= What to produce =
Each record that follows is to be reproduced verbatim.
** Opening Records for this exercise block **
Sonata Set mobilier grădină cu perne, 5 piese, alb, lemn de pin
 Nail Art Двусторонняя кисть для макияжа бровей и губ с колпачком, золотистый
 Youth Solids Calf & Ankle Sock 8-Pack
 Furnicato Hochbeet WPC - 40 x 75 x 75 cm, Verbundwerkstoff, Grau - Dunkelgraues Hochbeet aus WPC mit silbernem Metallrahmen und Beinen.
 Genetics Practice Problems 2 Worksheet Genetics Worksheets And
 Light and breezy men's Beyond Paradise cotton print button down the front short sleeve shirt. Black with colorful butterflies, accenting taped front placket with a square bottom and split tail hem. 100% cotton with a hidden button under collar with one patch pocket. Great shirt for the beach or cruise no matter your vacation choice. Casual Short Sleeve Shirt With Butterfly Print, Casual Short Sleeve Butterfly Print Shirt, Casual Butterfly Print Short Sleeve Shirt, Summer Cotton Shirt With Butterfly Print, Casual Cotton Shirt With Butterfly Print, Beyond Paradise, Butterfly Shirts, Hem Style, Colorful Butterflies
** Closing Records for this exercise block **
= Answer to the exercise =
Sonata Set mobilier grădină cu perne, 5 piese, alb, lemn de pin
 Nail Art Двусторонняя кисть для макияжа бровей и губ с колпачком, золотистый
 Youth Solids Calf & Ankle Sock 8-Pack
 Furnicato Hochbeet WPC - 40 x 75 x 75 cm, Verbundwerkstoff, Grau - Dunkelgraues Hochbeet aus WPC mit silbernem Metallrahmen und Beinen.
 Genetics Practice Problems 2 Worksheet Genetics Worksheets And
 Light and breezy men's Beyond Paradise cotton print button down the front short sleeve shirt. Black with colorful butterflies, accenting taped front placket with a square bottom and split tail hem. 100% cotton with a hidden button under collar with one patch pocket. Great shirt for the beach or cruise no matter your vacation choice. Casual Short Sleeve Shirt With Butterfly Print, Casual Short Sleeve Butterfly Print Shirt, Casual Butterfly Print Short Sleeve Shirt, Summer Cotton Shirt With Butterfly Print, Casual Cotton Shirt With Butterfly Print, Beyond Paradise, Butterfly Shirts, Hem Style, Colorful Butterflies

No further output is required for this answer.